Submitted to: Plant Disease
Publication Type: Peer Reviewed Journal
Publication Acceptance Date: April 7, 1998
Publication Date: N/A
Interpretive Summary: Sesbania is a genus of plants with a potential use for fiber, soil improvement, pulp, gum, and other things, such as ornamental. A virus found to be carried in the seed was identified on plants of this genus as they were being increased for maintenance and distribution. This virus was characterized based upon its reactions on various host plants and by serology and electron microscopy. It was found to be a member of the potyvirus group and of the bean yellow mosaic virus subgroup, but was not a strain of bean yellow mosaic virus or of any of the other described members of the subgroup. It is the first of this group of viruses to be identified on Sesbania and it must be considered a potential threat in the movement of germplasm from one geographic area to another since it is seedborne and can infect other crops such as beans, soybeans, and white lupine.
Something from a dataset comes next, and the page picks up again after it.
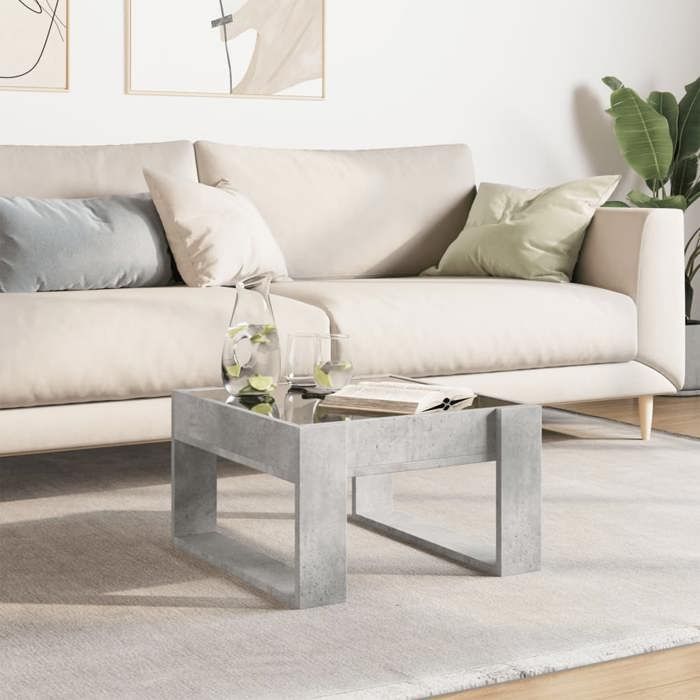 Table basse avec LED - vidaXL - Gris béton - 50x53x30 cm - Bois dingénierie et verre - Capacité totale 30 kg - LED RVB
Technical Abstract: A plant of Sesbania speciosa with leaf mosaic and distortion symptoms was identified in a germplasm regeneration plot. Potyvirus-like particles were observed in negative stain preparations. The Sesbania virus produced mild or moderate mosaic symptoms on Glycine max cvs Bragg and Tracy M, Lupinus albus, Nicotiana benthamiana, Pisum satum cv Perfected Wales, Phaseolus vulgaris cvs Black Turtle, Bountiful, and Pinto, and did not infect N. tabacum. Bean yellow mosaic potyvirus (BYMV) and pea mosaic virus (PMV) do not infect Perfected Wales pea and they produce mosaic, distortion, and necrosis on white lupine. The PMV strain tested produced much more severe symptoms on the three green beans, with top necrosis on Pinto. Local latent infection of N. tabacum by BYMV and mosaic with distortion on N. benthamiana are produced by BYMV and PMV. The Sesbania virus was seed transmitted at a rate of 1 in 150 plants. Indirect-ELISA tests with a general potyvirus monoclonal antibody and BYMV and white lupi mosaic virus (WLMV) polyclonal antisera were strongly positive. Tests of the Sesbania virus against a monoclonal antibody panel suggests that it is not BYMV or any of the previously described subgroup members, but it is a member of the BYMB subgroup. This is the first report of a seedborne BYMV-like virus of Sesbania.